Let us also recall the fundamental theorem of arithmetic under the formulation that for every $n \in \mathbb{Z}^{\times}$ one has the relation $n=\mathrm{sgn}(n)\displaystyle\prod_{p \in \mathbb{P}}p^{v_p(n)}=\mathrm{sgn}(n)\displaystyle\prod_{p \in \Pi(n)}p^{v_p(n)}$, where $\mathrm{sgn} \colon \mathbb{Z} \to \{-1, 0, 1\}$ is the sign function of the totally ordered ring $\mathbb{Z}$. We also point out the important relation $m \mid n \Leftrightarrow (\forall p)\left(p \in \mathbb{P} \Rightarrow v_p(m) \leqslant v_p(n)\right)$, valid for arbitrary nonzero integers $m, n \in \mathbb{Z}^{\times}$.
Consider now a fixed natural number $n \in \mathbb{N}$ and write for simplicity $\mathbb{Z}_n\colon =\mathbb{Z}/n\mathbb{Z}$. Furthermore, for arbitrary integer $m \in \mathbb{Z}$ let us denote the residue class of $m$ modulo $n$ by $\overline{m}$. Assuming that $m \in \mathbb{Z}$ is such that $\overline{m} \in \mathrm{Nil}\left(\mathbb{Z}_n\right)$ we infer the existence of $k \in \mathbb{N}^{\times}$ such that $\overline{m}^k=\overline{m^k}=\overline{0}$. This entails $n \mid m^k$ and by virtue of the relations mentioned in the previous paragraph entails $\Pi(n) \subseteq \Pi\left(m^k\right)=\Pi(m)$ (the fact that $k\neq 0$ is required to make the latter relation of equality valid).

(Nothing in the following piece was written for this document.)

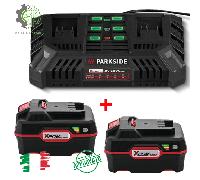 PARKSIDE Batteria PAP 20 B3 4 A + Caricabatterie doppio PARKSIDE PDSLG 20 v4,5 A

Conversely, assuming that the integer $m \in \mathbb{Z}$ satisfies the relation $\Pi(n) \subseteq \Pi(m)$ we infer that $p \mid m$ for each $p \in \Pi(n)$ and since two distinct primes are mutually prime we infer from an elementary proposition in arithmetic that $r\colon=\displaystyle\prod_{p \in \Pi(n)} p \mid m$. If $\Pi(n)=\varnothing$ we infer - in conjunction with $n \in \mathbb{N}$ - that $n=1$ and thus $\mathbb{Z}_1=\left\{\overline{0}\right\}$ is a null ring, all of its elements - $\overline{m}$ in particular - thus being nilpotent. If on the other hand $\Pi(n) \neq\ \varnothing$, since nonempty totally ordered sets have maxima we can in particular consider $h=\displaystyle\max_{p \in \Pi(n)}v_p(n)$. Since in general $p \in \Pi(m) \Leftrightarrow v_p(m)>0$ for any prime $p \in \mathbb{P}$ and integer $m \in \mathbb{Z}$, we ascertain that $h>0$. Since by construction $v_p(n) \leqslant h=v_p\left(r^h\right)$ is valid for each $p \in \Pi(n)$ (and therefore automatically for any $p \in \mathbb{P}$), it follows that $n \mid r^h \mid m^h$, which signifies that $\overline{m^h}=\overline{m}^h=\overline{0}$. As $h>0$, we conclude that $\overline{m} \in \mathrm{Nil}\left(\mathbb{Z}_n\right)$.